Qui bénéficiera de ces logements ?
Le projet identifie comme prioritaires des populations déjà ciblées par les politiques de logement social : les personnes à faibles revenus, les travailleurs, les militaires, les fonctionnaires et les étudiants. Les critères d'éligibilité tiennent compte de la situation patrimoniale des candidats : un ménage ne doit pas être propriétaire, ou, s'il l'est, sa surface habitable moyenne par personne doit être inférieure au seuil minimal fixé.
Des mécanismes publics et privés pour élargir l'offre
Pour alimenter le fonds et encourager la participation des opérateurs, l'administration propose plusieurs leviers :
- Rôle de l'État : des crédits budgétaires serviront à constituer et soutenir le fonds de logements locatifs.
- Participation du secteur privé : les investisseurs pourraient utiliser jusqu'à 20 % de la surface de plancher d'un projet à des fins commerciales et de services afin de compenser les coûts et réduire les loyers.
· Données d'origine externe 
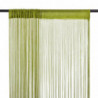 Fadenvorhänge 2 Stk. 100 x 250 cm Grün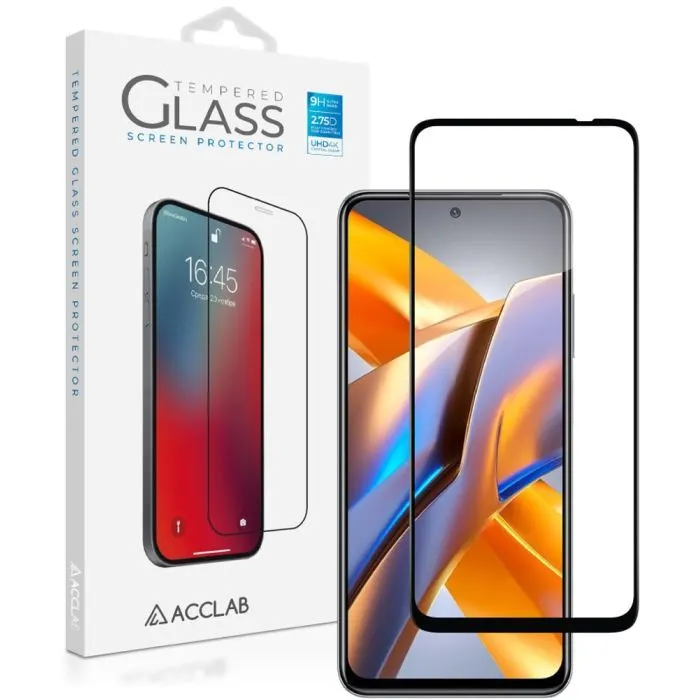 Скло захисне ACCLAB Full Glue Xiaomi Poco M5S Black (1283126545122) зображення 2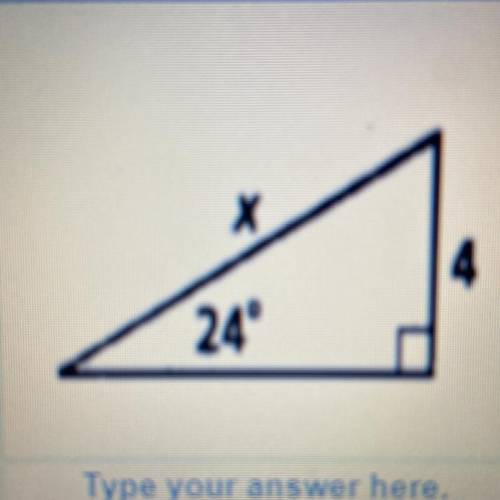 PLEASE HELP solve for x and round to the nearest tenth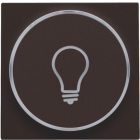 124-64008-Drukknop set 'Lamp' Dark Brown 124-64008-Niko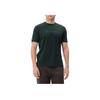 Logo Embroidered Round Neck Pullover Short Sleeve T-Shirt Men Tops Green 6D1TQ8-1JOCZ-0565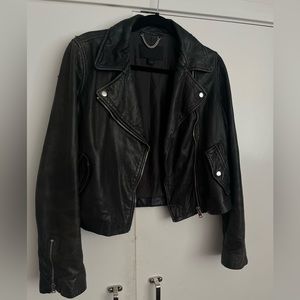 J. Crew Collection Washed Leather
Motorcycle Jacket (L)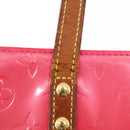 LOUIS VUITTON Monogram Vernis Reade PM Bag Fuchsia Pink M91221 LV Auth 147256-8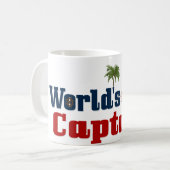 Weltbester Kapitän Kaffeetasse (Vorderseite Links)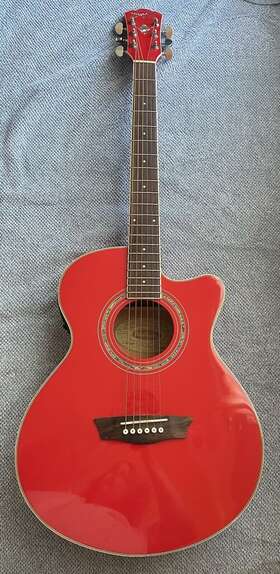 Ea12-r Washburn Acoustic Electric Guitar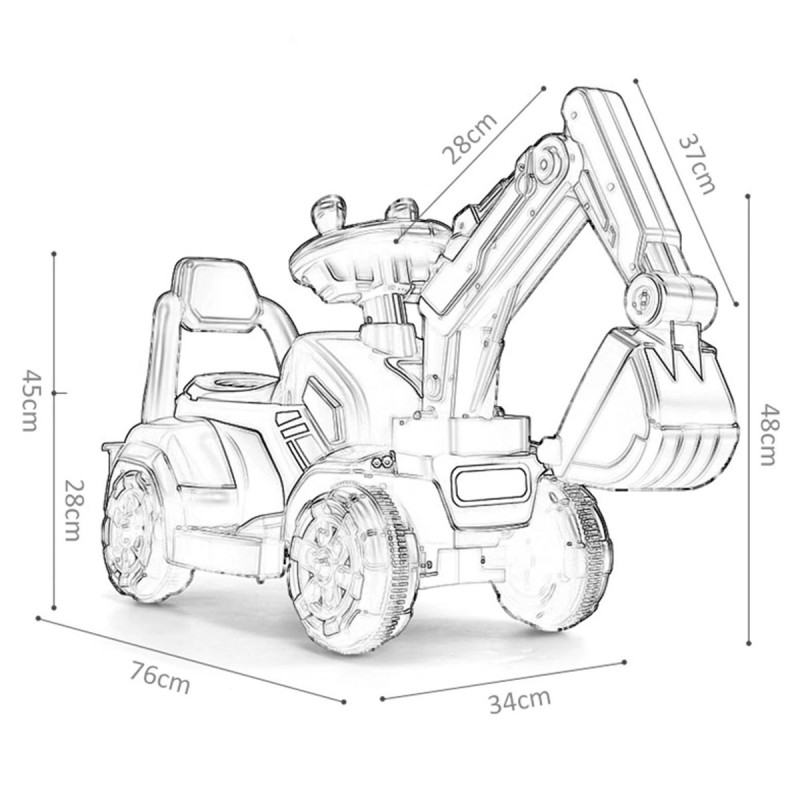 Kids Excavator - Veliki dečiji bager za vožnju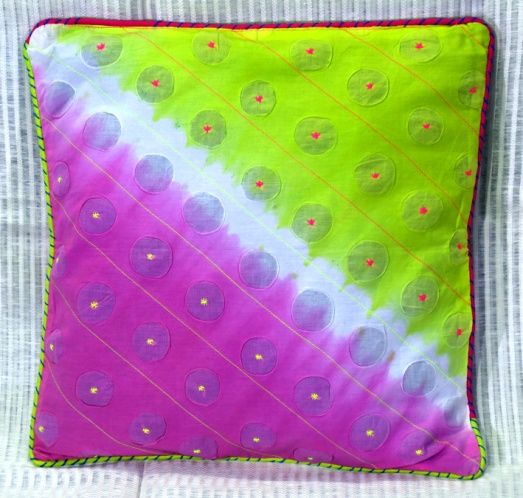 Shibori Cotton Cushion Cover 02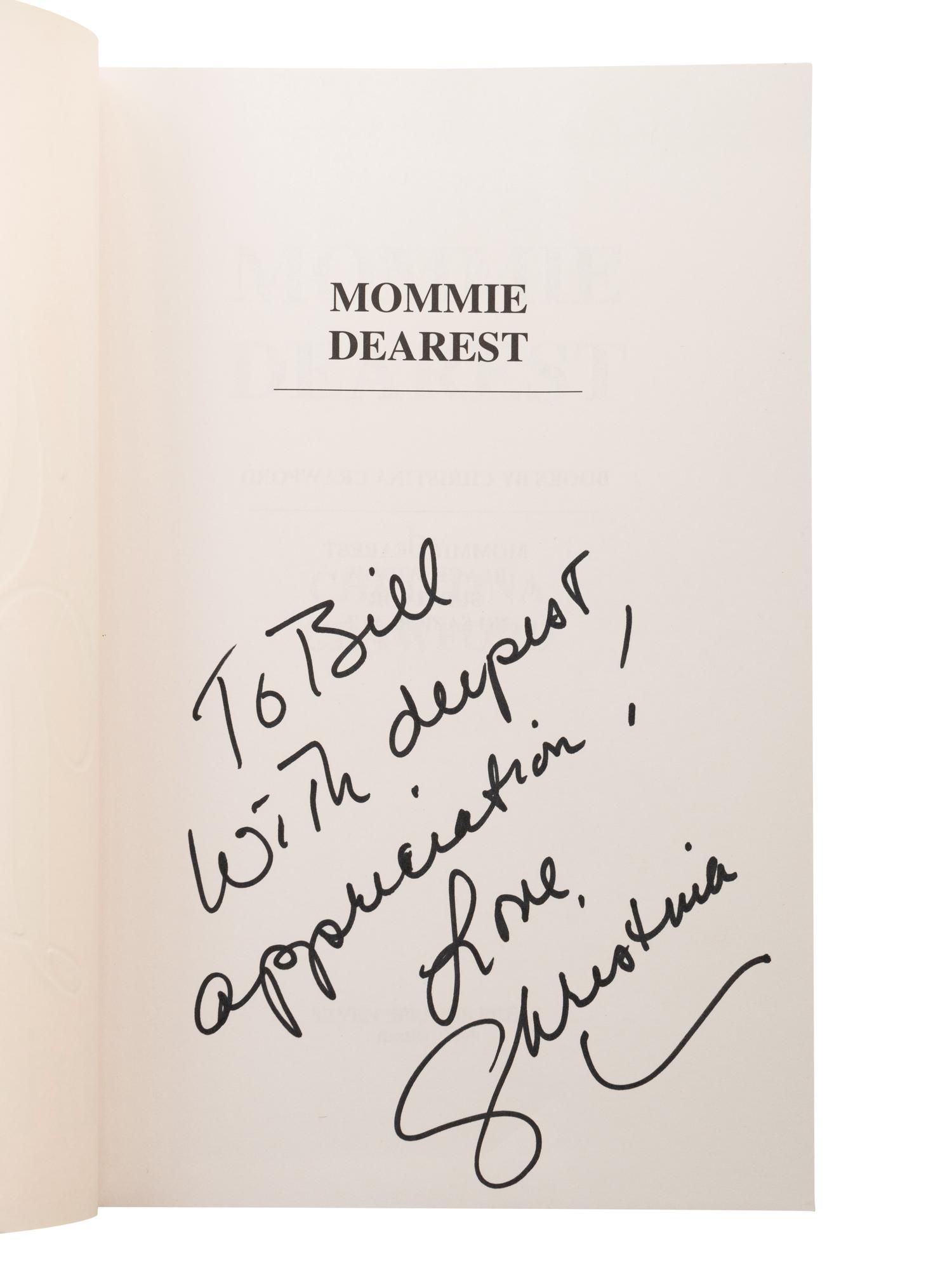 (Celebrity Memorabilia) A group of Joan Crawford memorabilia, comprising: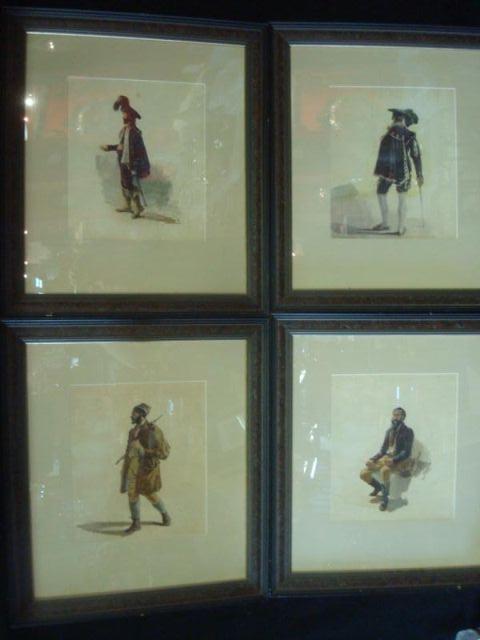 DE WINT, Peter. 4 drawings of figures.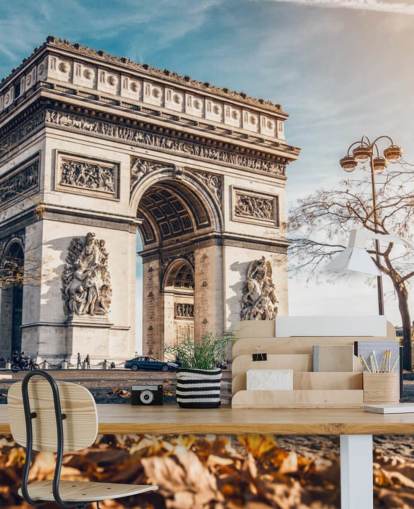 Fond d'écran Arc de Triomphe par une journée ensoleillée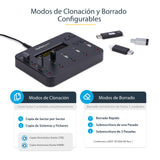 StarTech.com Clonador Autónomo 1:5 para Memorias USB - Copiador de Unidades de Memoria USB - Copia Sector por Sector de Sistema y Archivos - 1.5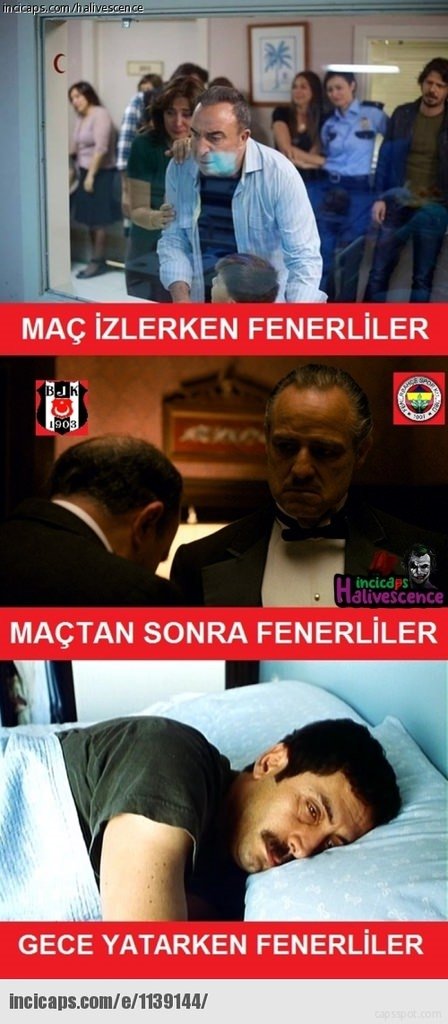 En komik Galatasaray Beşiktaş  capsleri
- Incitations fiscales : des taux préférentiels de TVA sont prévus sur les revenus issus des activités locatives pour rendre l'investissement locatif attractif.
Introduction du concept de « logement commercial abordable »
Le texte propose aussi une catégorie hybride : le logement commercial abordable. Il s'agit d'habitats produits selon des mécanismes de marché mais bénéficiant d'un soutien public. Concrètement, les prix de vente et les formules de location-accession seraient encadrés et fixés par les autorités provinciales, ce qui laisse aux comités populaires locaux la responsabilité d'adapter les plafonds aux réalités territoriales.
Conséquences attendues pour le marché et les ménages
Si le projet est adopté, il pourrait :
- augmenter l'offre de logements destinés à la location sociale et réduire la pression sur les loyers dans les segments ciblés ;
- attirer des promoteurs via des contreparties commerciales et des allègements fiscaux, modifiant l'équilibre financier des opérations ;
- renforcer l'intervention publique dans la gouvernance foncière et la planification locale, avec un rôle accru des comités provinciaux sur la fixation des prix.
Points d'attention et suite législative
Plusieurs éléments méritent d'être suivis : la manière dont seront calibrés les plafonds de prix et de loyers par les autorités locales, la répartition exacte des financements publics dans le fonds, ainsi que le dispositif concret pour limiter les transferts et prévenir la revente rapide à but spéculatif. Ces détails détermineront l'efficacité de la mesure pour garantir des loyers réellement abordables.
| Mesure | Effet attendu |
|---|---|
| Fonds public de logements locatifs | Soutenir construction et gestion d'offre locative sociale |
| 20 % de surface commerciale accessible aux investisseurs | Compensation des coûts pour réduire le loyer |
| Plafonds fixés par comités provinciaux | Adaptation locale des prix de vente et de location-accession |
Le ministère a lancé une consultation publique sur ce projet. La trajectoire réelle dépendra des arbitrages budgétaires et de la mise en œuvre locale. Pour les ménages ciblés, l'enjeu est concret : il s'agit de transformer des intentions législatives en logements où l'on peut calculer une mensualité supportable et une surface habitable minimale par personne.